◆ **EXERCISE**
Transcribe only the lines in the data below falling between the line with "LOUIS VUITTON Monogram" and the line with "Orient Blue Metallic", including those two lines, and leave out any picture.

◆ **INPUT**
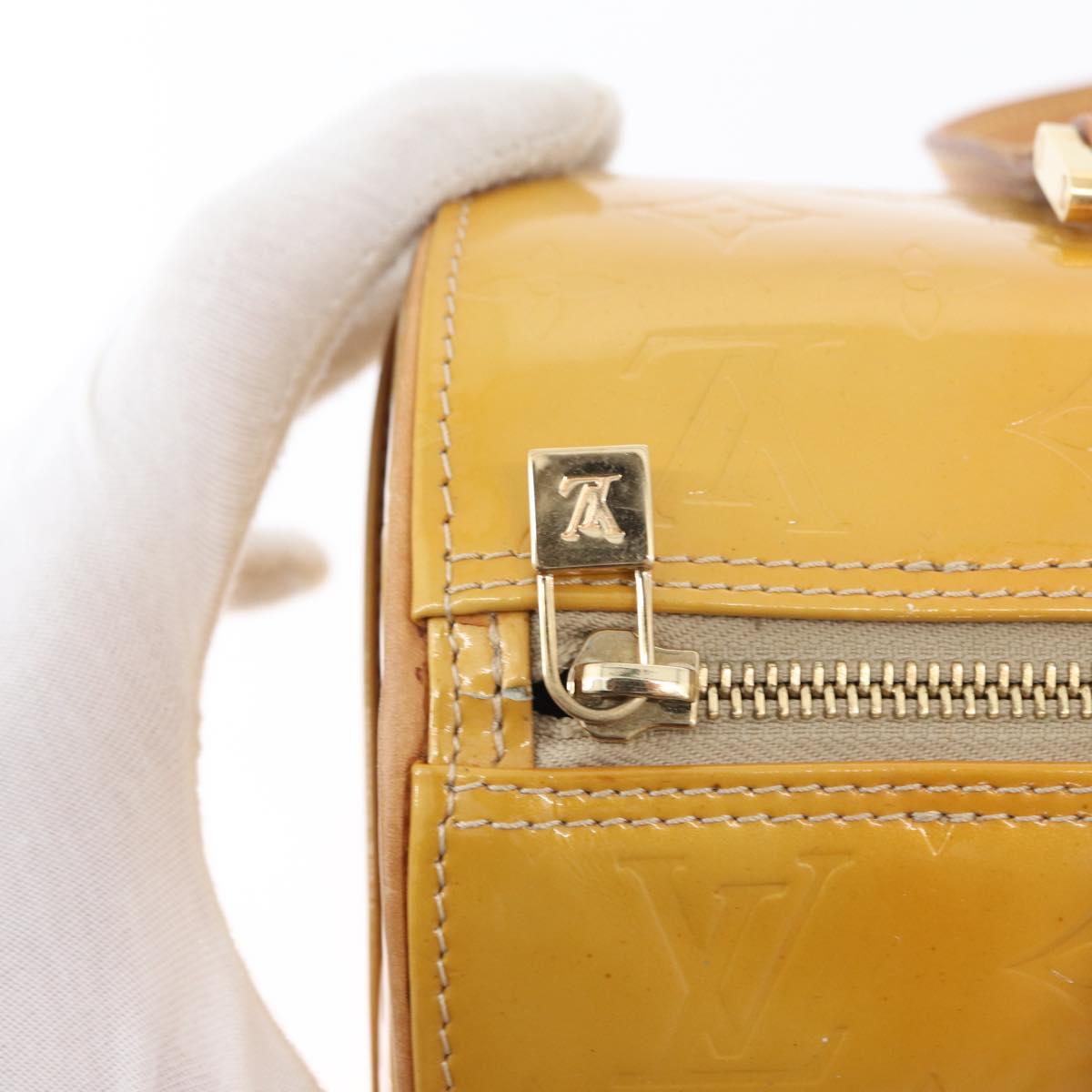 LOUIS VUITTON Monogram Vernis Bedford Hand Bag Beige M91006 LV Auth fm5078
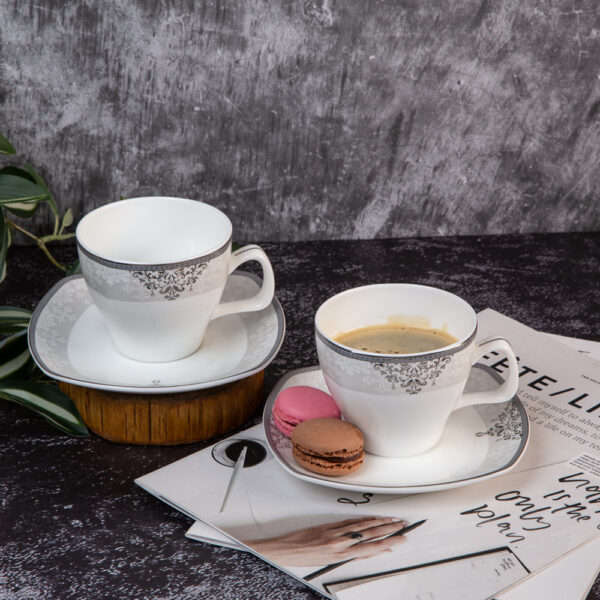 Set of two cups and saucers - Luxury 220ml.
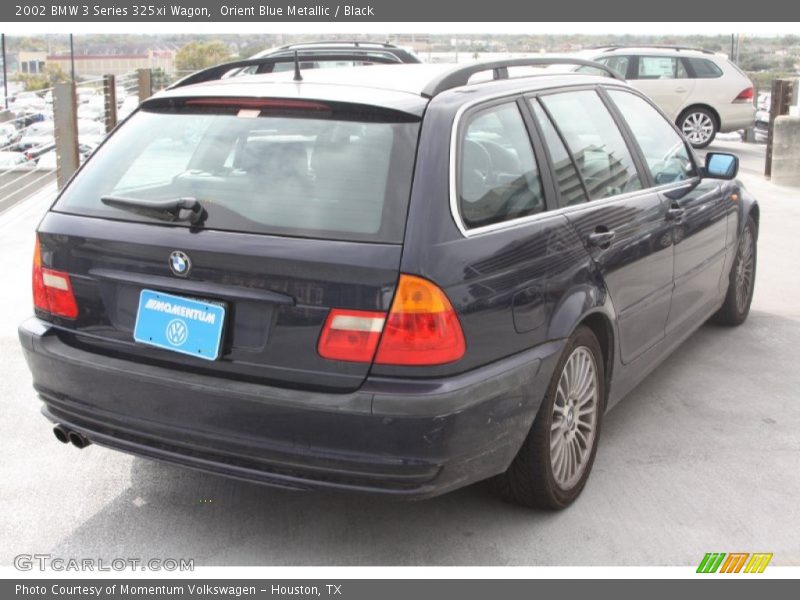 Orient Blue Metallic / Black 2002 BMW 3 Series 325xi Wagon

---

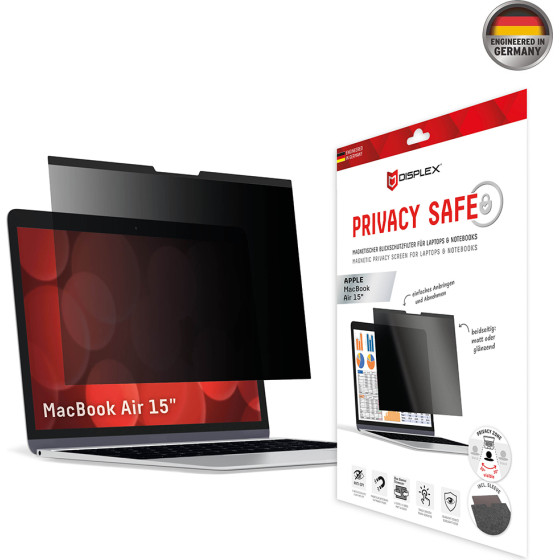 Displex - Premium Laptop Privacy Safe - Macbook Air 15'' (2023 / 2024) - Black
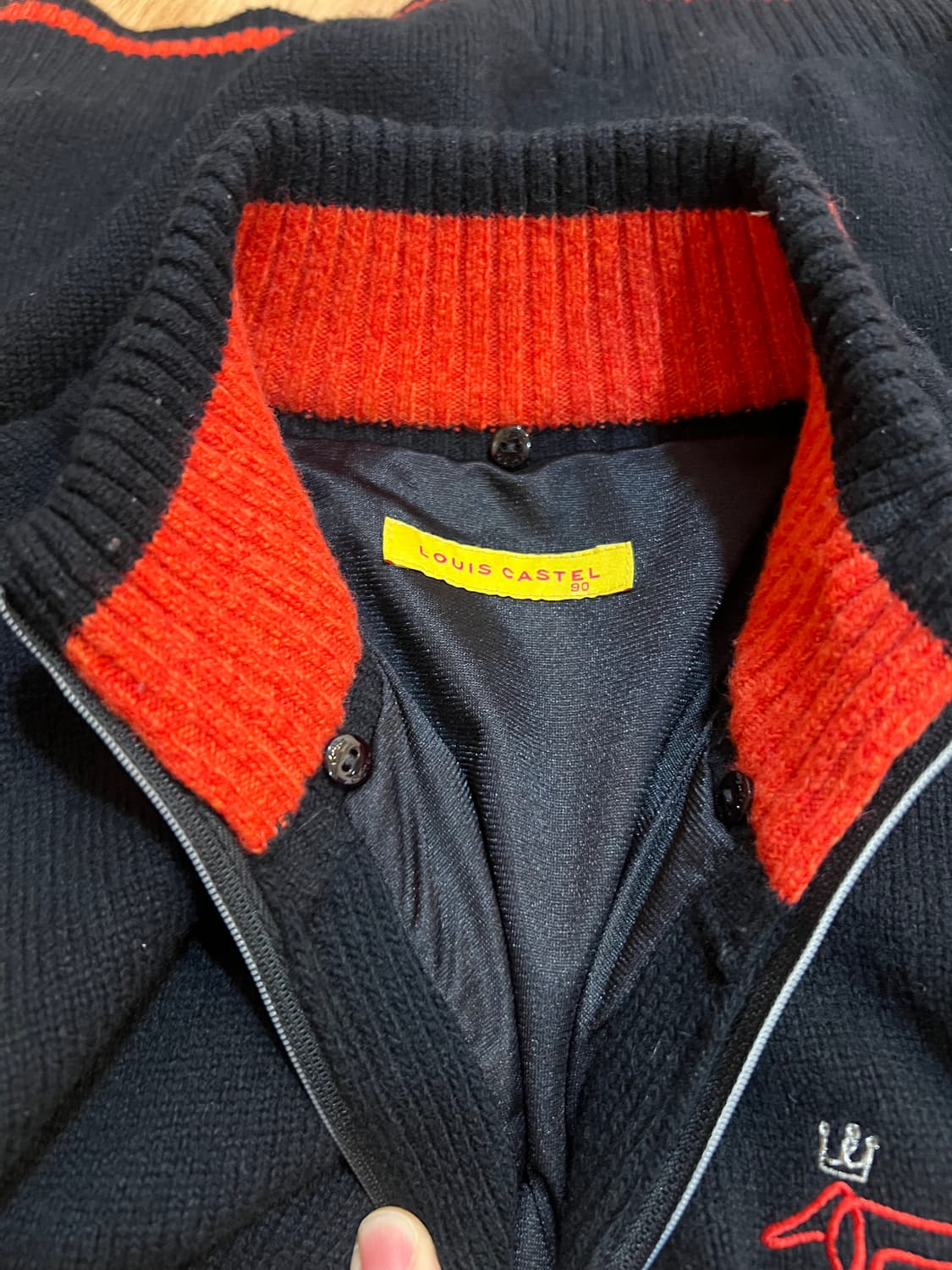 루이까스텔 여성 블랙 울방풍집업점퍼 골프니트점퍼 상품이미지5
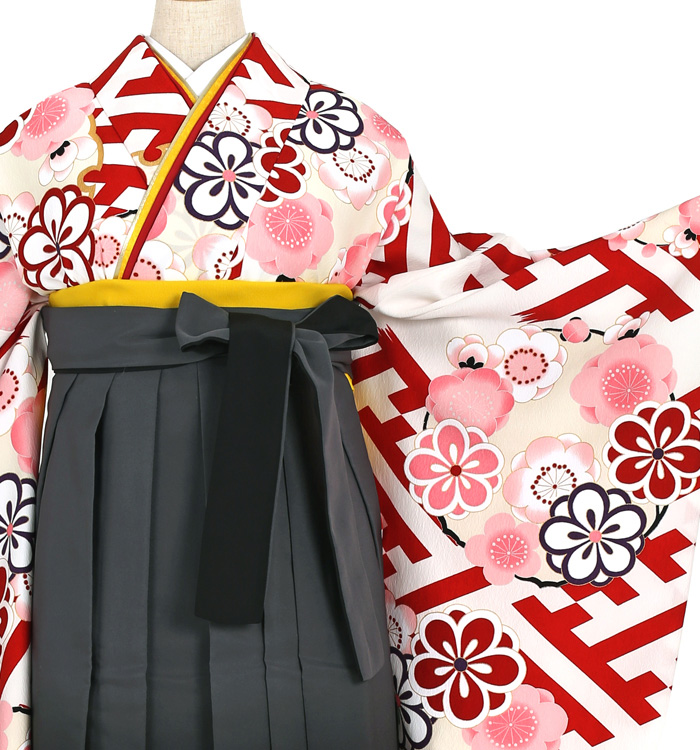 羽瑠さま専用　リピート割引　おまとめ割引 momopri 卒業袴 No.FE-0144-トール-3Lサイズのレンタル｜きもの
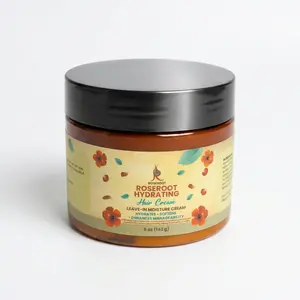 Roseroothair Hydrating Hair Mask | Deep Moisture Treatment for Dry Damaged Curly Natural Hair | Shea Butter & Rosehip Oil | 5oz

◆ **ANSWER SECTION**
 LOUIS VUITTON Monogram Vernis Bedford Hand Bag Beige M91006 LV Auth fm5078
 Set of two cups and saucers - Luxury 220ml.
 Orient Blue Metallic / Black 2002 BMW 3 Series 325xi Wagon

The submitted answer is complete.